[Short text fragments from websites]

======

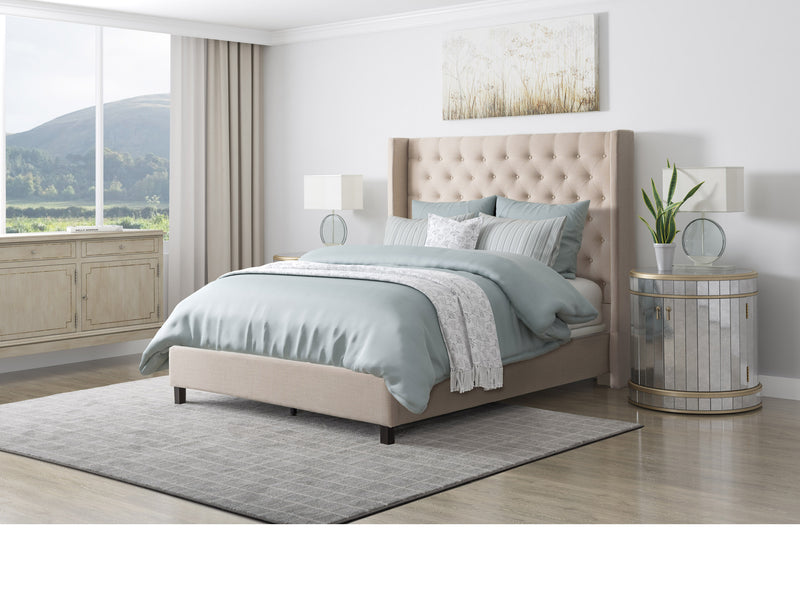 cream Tufted Queen Bed with Slats Fairfield Collection lifestyle scene by CorLiving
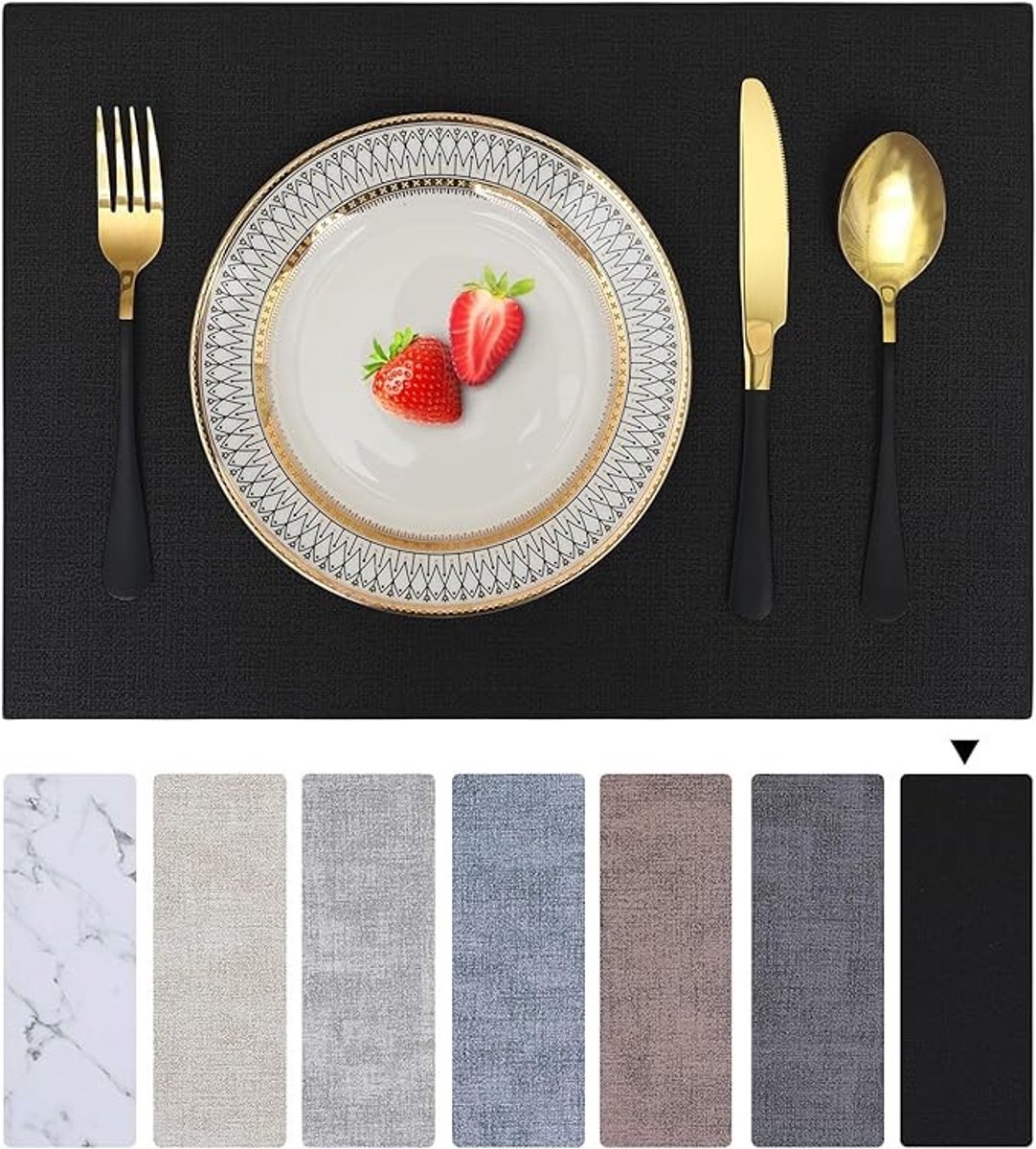 6-delige set waterdichte placemats, afwasbaar, dubbelzijdig, antislip, zwart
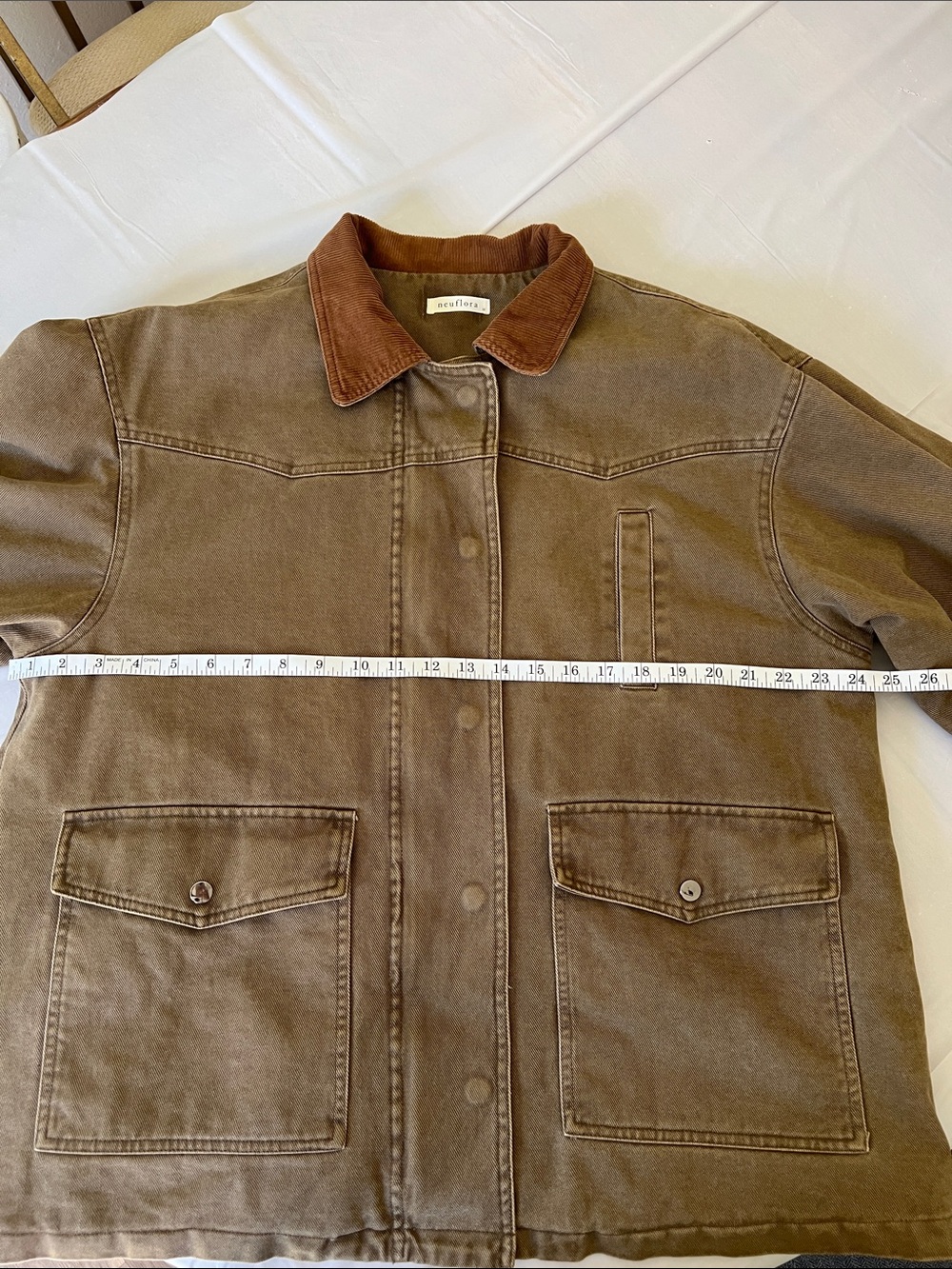 Neuflora- Tasmania Jacket-Brown Canvas Jacket with Corduroy Collar - Women - Picture 6 of 10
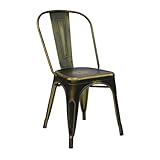 Vaukura Silla Tolix - Silla Industrial Metálica Vintage (Cobre)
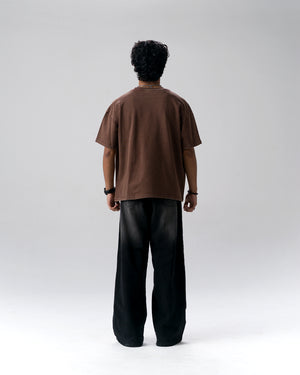 Haters Who Cares Acid Wash T-Shirt — Brown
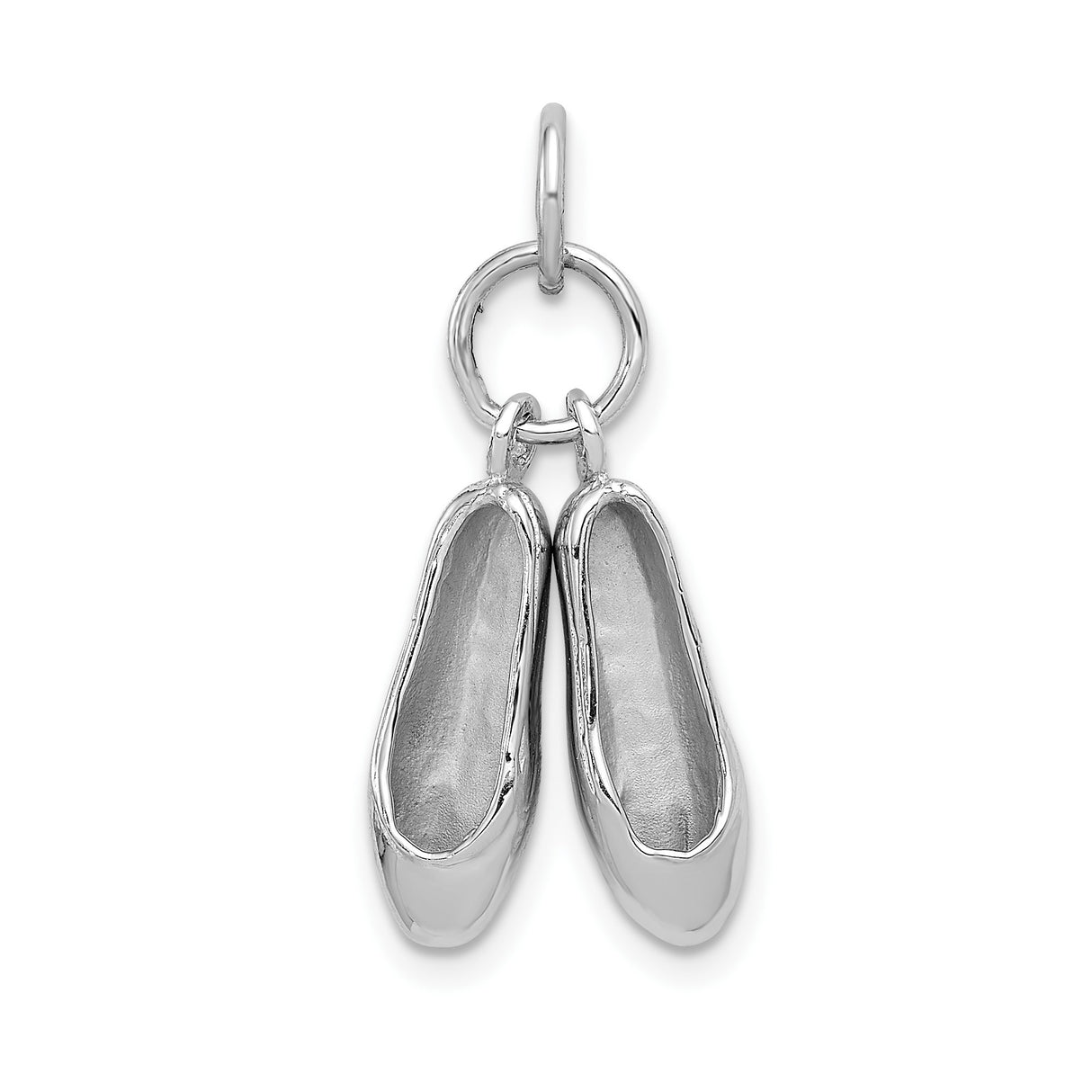 14k White Gold Ballet Slipper Charm Pendant, 3D Movable Ballet Shoes for Women or Girls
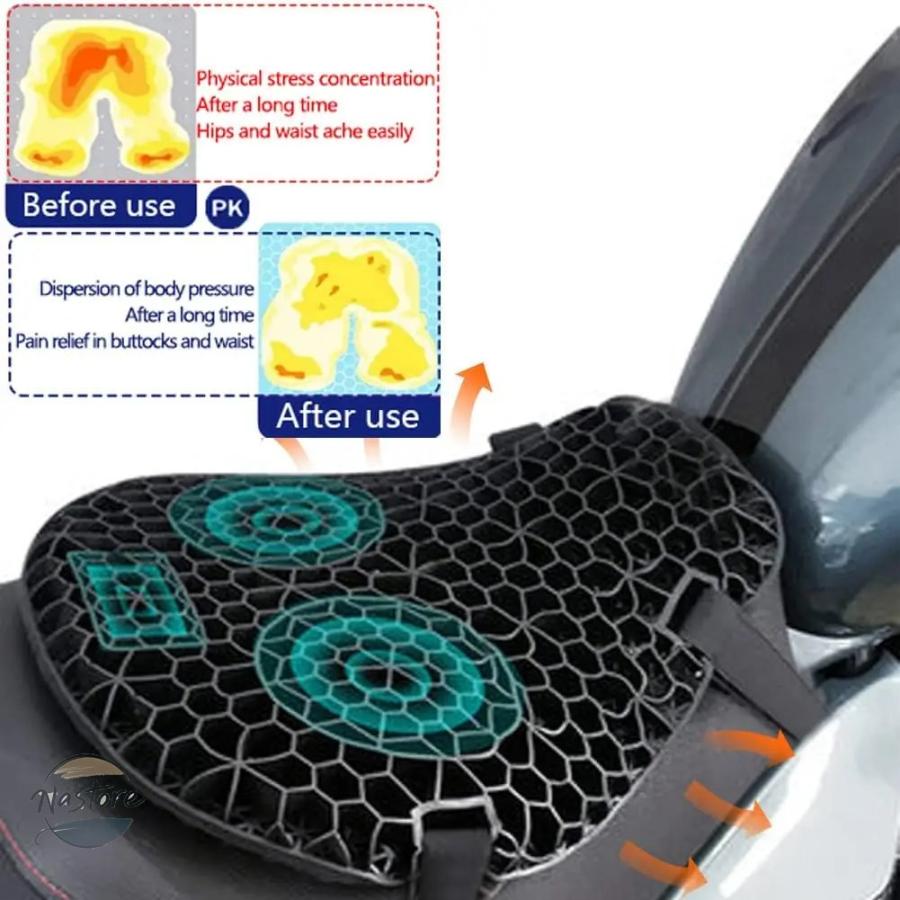 並行輸入品 バイク seat cushion shock absorption decompression gel honeycomb 3d comfortable universal カスタムパーツ 部品 アクセサリーの画像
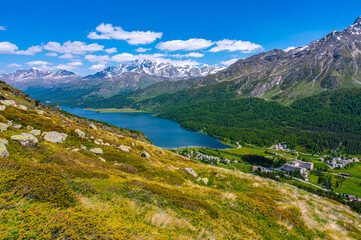 Naklejka na ściany i meble A view of Lake Silvaplana and the Engadine from above. Maloja pass. 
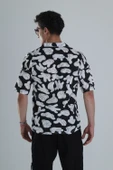 Erkek Siyah Beyaz Desenli Hawai Gömlek COC1164 thumbnail 4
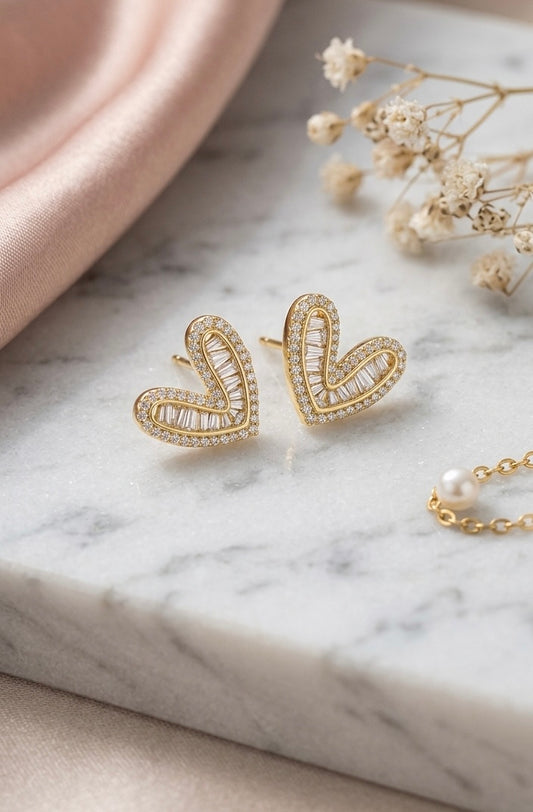 Amour Baguette Heart Stud Earrings - Gold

======

## Task details
An exact copy is required of the lines from the one holding "Erkek Siyah Beyaz" to the end of the entries above, both included; no pictures belong in it.

## Solution for this problem
 Erkek Siyah Beyaz Desenli Hawai Gömlek COC1164 thumbnail 4
 Amour Baguette Heart Stud Earrings - Gold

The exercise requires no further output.